What to do
Each line in the material below, starting at the one that contains "Caraffe e brocche" and ending at the one that contains "Erinnerungskreuz in Merlischachen.", should be repeated exactly; the pictures should not.

Records for this exercise
---

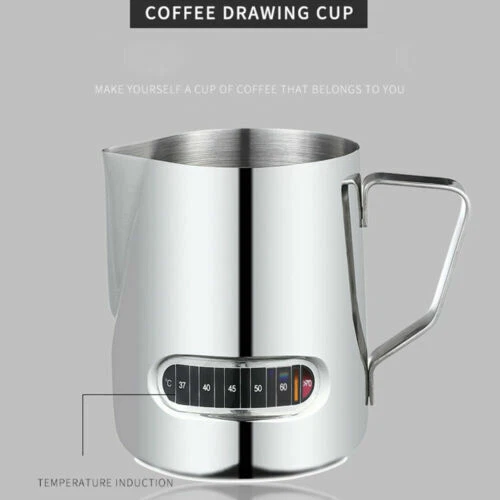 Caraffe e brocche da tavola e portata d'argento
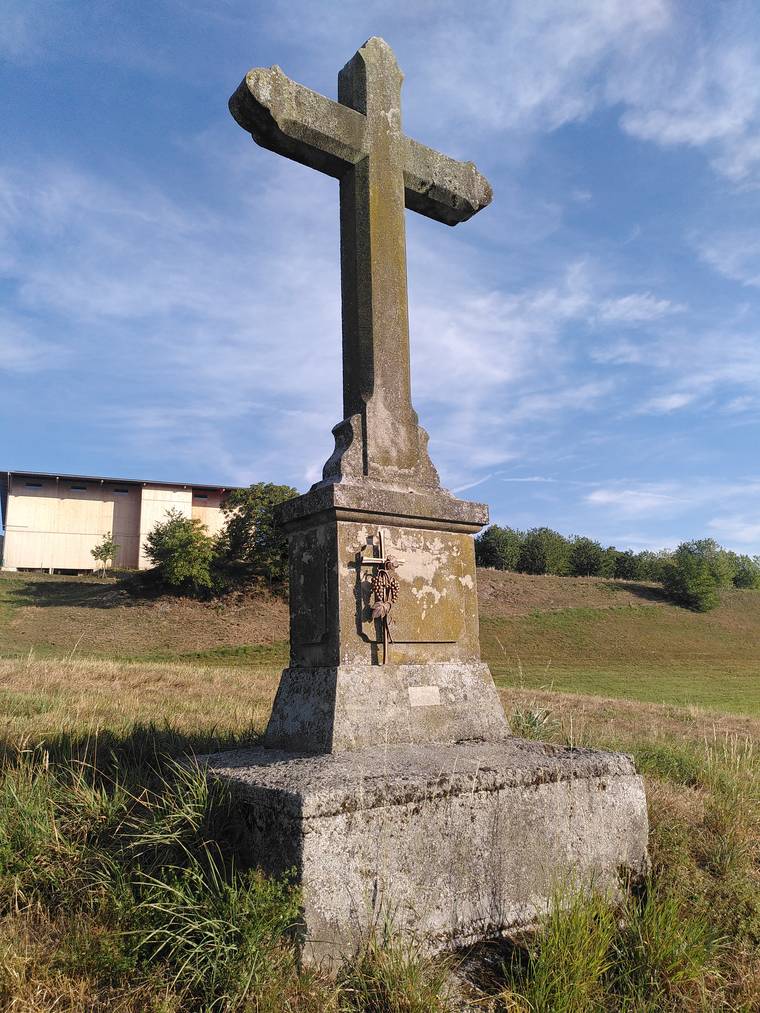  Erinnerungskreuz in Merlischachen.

---

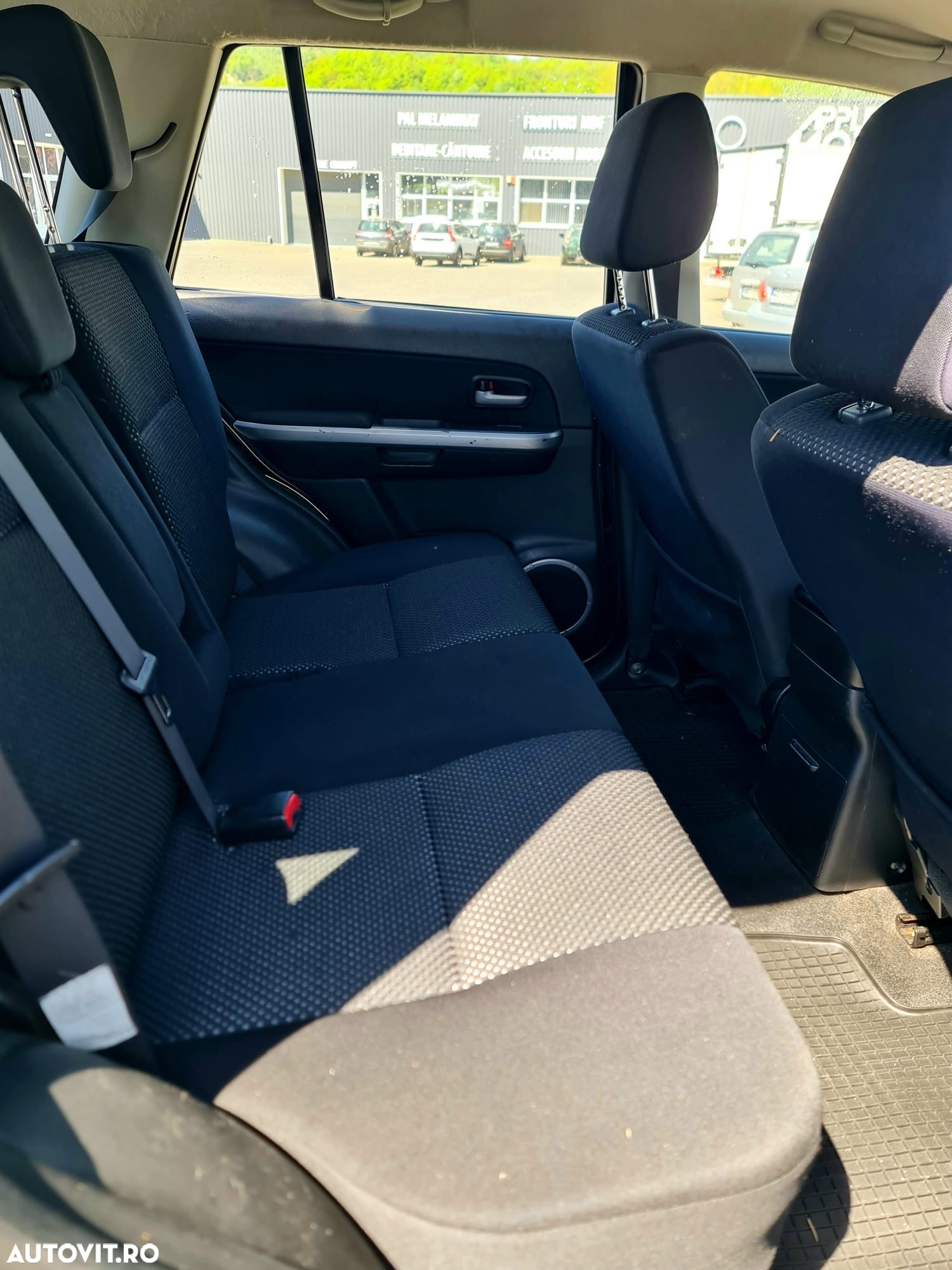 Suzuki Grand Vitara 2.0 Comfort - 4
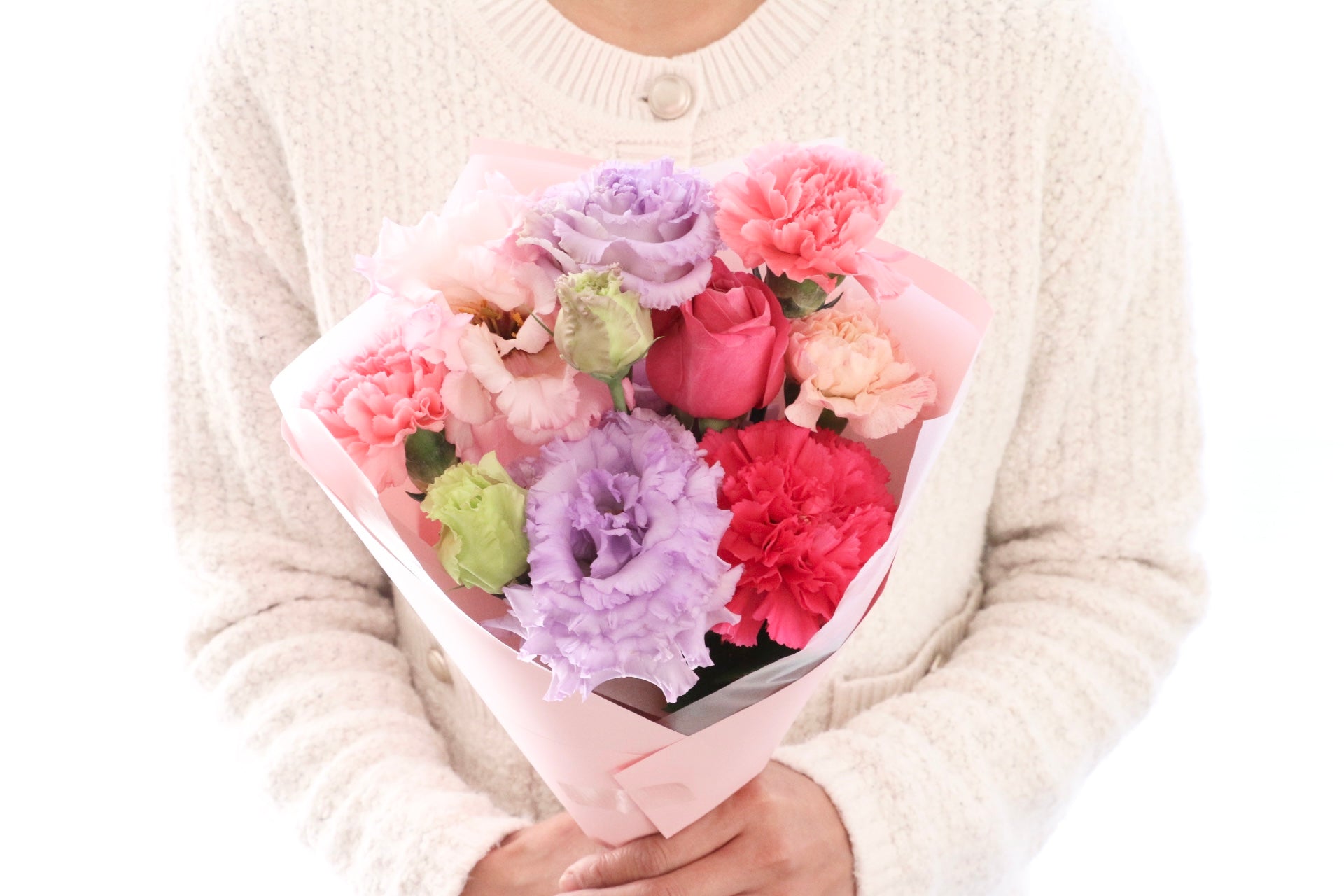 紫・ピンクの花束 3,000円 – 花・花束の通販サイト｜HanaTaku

---

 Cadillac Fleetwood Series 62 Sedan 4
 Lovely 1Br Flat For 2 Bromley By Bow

---

Answer box
 Caraffe e brocche da tavola e portata d'argento
  Erinnerungskreuz in Merlischachen.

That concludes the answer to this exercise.